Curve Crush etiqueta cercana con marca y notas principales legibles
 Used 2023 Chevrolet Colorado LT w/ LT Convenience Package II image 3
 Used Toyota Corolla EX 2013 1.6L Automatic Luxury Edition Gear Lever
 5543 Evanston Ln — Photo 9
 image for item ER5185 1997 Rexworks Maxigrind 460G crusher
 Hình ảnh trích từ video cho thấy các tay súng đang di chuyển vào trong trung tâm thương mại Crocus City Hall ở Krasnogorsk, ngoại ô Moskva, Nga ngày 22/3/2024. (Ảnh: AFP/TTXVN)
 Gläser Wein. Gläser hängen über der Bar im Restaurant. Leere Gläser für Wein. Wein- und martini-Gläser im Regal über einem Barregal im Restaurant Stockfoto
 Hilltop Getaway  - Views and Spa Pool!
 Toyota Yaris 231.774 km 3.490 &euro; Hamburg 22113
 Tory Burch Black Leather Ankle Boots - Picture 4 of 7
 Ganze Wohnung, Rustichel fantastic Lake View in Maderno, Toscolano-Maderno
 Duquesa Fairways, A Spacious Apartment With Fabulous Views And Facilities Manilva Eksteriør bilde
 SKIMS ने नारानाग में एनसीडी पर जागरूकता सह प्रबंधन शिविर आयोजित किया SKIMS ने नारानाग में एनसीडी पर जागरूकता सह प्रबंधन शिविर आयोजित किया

● ● ● ● ● ● ●

▸ Problem to work on:
Transcribe every record above exactly as it appears.

▸ Answer to this task:
Curve Crush etiqueta cercana con marca y notas principales legibles
 Used 2023 Chevrolet Colorado LT w/ LT Convenience Package II image 3
 Used Toyota Corolla EX 2013 1.6L Automatic Luxury Edition Gear Lever
 5543 Evanston Ln — Photo 9
 image for item ER5185 1997 Rexworks Maxigrind 460G crusher
 Hình ảnh trích từ video cho thấy các tay súng đang di chuyển vào trong trung tâm thương mại Crocus City Hall ở Krasnogorsk, ngoại ô Moskva, Nga ngày 22/3/2024. (Ảnh: AFP/TTXVN)
 Gläser Wein. Gläser hängen über der Bar im Restaurant. Leere Gläser für Wein. Wein- und martini-Gläser im Regal über einem Barregal im Restaurant Stockfoto
 Hilltop Getaway  - Views and Spa Pool!
 Toyota Yaris 231.774 km 3.490 &euro; Hamburg 22113
 Tory Burch Black Leather Ankle Boots - Picture 4 of 7
 Ganze Wohnung, Rustichel fantastic Lake View in Maderno, Toscolano-Maderno
 Duquesa Fairways, A Spacious Apartment With Fabulous Views And Facilities Manilva Eksteriør bilde
 SKIMS ने नारानाग में एनसीडी पर जागरूकता सह प्रबंधन शिविर आयोजित किया SKIMS ने नारानाग में एनसीडी पर जागरूकता सह प्रबंधन शिविर आयोजित किया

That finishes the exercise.